Exact Results On the Number of Gravitons Radiated During Binary Inspiral

TL;DR

This paper derives an exact formula for the total number and angular momentum of gravitons emitted during binary black hole inspiral, confirming previous conjectures and extending earlier results with precise calculations.

Contribution

It provides an exact integral representation for the graviton emission function and confirms the conjectured ratio of graviton spin angular momentum to initial orbital angular momentum.

Findings

Derived an exact formula for graviton emission during inspiral.

Confirmed and extended Page's results on graviton emission.

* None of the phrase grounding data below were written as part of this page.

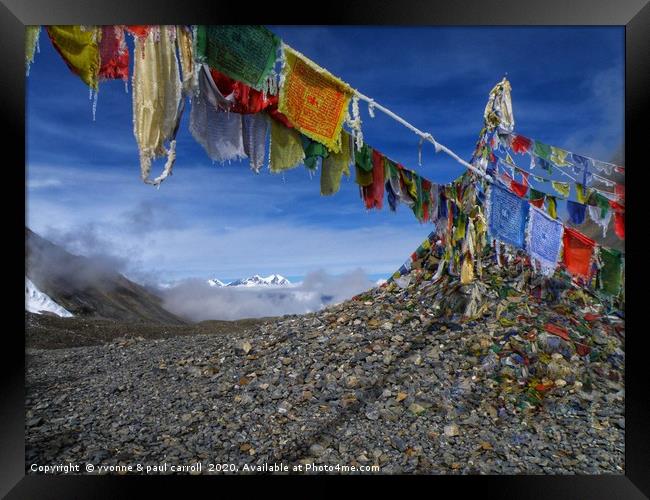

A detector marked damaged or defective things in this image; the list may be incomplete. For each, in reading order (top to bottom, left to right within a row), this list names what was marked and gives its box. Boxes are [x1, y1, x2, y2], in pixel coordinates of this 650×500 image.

tattered prayer flag [46, 25, 100, 90]
tattered prayer flag [98, 25, 128, 81]
tattered prayer flag [192, 25, 278, 92]
tattered prayer flag [278, 46, 352, 152]
tattered prayer flag [268, 118, 302, 173]
tattered prayer flag [486, 184, 528, 250]
tattered prayer flag [524, 207, 560, 278]
tattered prayer flag [548, 181, 568, 198]
tattered prayer flag [560, 229, 596, 280]
tattered prayer flag [596, 247, 624, 296]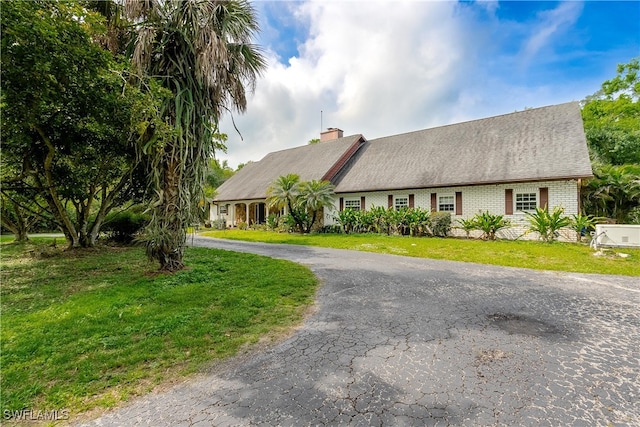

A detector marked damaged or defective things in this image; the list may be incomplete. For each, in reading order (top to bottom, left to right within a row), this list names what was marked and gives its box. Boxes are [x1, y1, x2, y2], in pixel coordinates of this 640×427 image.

cracked pavement [80, 237, 640, 427]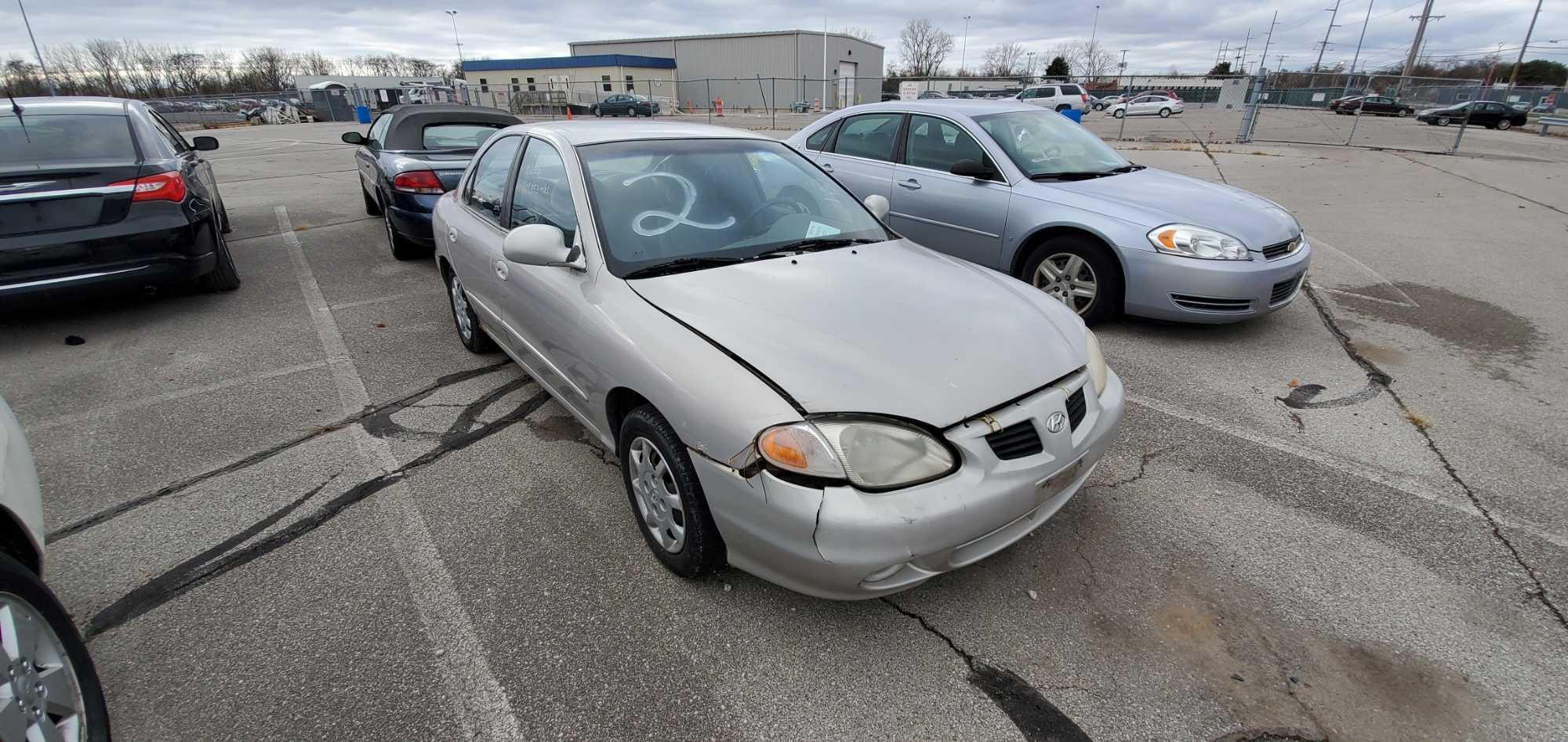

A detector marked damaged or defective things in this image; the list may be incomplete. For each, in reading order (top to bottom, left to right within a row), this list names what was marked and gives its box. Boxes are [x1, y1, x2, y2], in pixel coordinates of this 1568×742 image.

damaged silver hyundai elantra [430, 121, 1123, 599]
crushed front bumper [693, 368, 1123, 602]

Precisely estimated the ratio of graviton spin to initial orbital angular momentum.

Abstract

We derive an exact formula $F(e)$ which provides a concrete estimate for the total number and angular momentum of gravitons emitted during the nonrelativistic inspiral of two black holes. We show that the function $F(e)$ is a slowly growing monotonic function of the eccentricity $0 \le e \le 1$ and $F(1) = 1.0128 \cdots $. We confirm and extend the results obtained by Page for the function $F(e)$. We also get an exact result for the ratio $\nu (e_i) = \frac{2\hbar N(L_i, e_i)}{L_i}$ where the numerator $2\hbar N(L_i, e_i)$ is the sum of the spin angular momentum magnitudes of the gravitons emitted and $N(L_i, e_i)$ is the total number of gravitons emitted in the gravitational waves during nonrelativistic inspiral from an initial eccentricity $e_i$ down to a final eccentricity $e = 0$ and the denominator $L_i$ is the magnitude of the initial orbital angular momentum. If the orbit starts off with unit eccentricity $e_i=1$, we get the value $\nu(1) = 1.002\, 268\, 666\, 2 \pm 10^{-10}$ which confirms the Page's conjecture that the true value of $\nu(1)$ will lie between $1.001\cdots$ and $1.003\cdots$. We also show that the formula $F(e)$ for gravitons emitted, originally expressed as an infinite series, can be represented by a single function through an integral representation.